======== Extracted records ========

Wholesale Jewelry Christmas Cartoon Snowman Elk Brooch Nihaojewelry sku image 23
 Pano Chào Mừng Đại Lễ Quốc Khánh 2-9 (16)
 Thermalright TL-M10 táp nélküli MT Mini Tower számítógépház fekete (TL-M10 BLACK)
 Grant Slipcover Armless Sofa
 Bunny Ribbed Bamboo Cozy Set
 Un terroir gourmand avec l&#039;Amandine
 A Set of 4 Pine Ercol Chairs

========

◆ Problem statement: The answer should repeat every line of the listing exactly.

◆ Solution to this task:
Wholesale Jewelry Christmas Cartoon Snowman Elk Brooch Nihaojewelry sku image 23
 Pano Chào Mừng Đại Lễ Quốc Khánh 2-9 (16)
 Thermalright TL-M10 táp nélküli MT Mini Tower számítógépház fekete (TL-M10 BLACK)
 Grant Slipcover Armless Sofa
 Bunny Ribbed Bamboo Cozy Set
 Un terroir gourmand avec l&#039;Amandine
 A Set of 4 Pine Ercol Chairs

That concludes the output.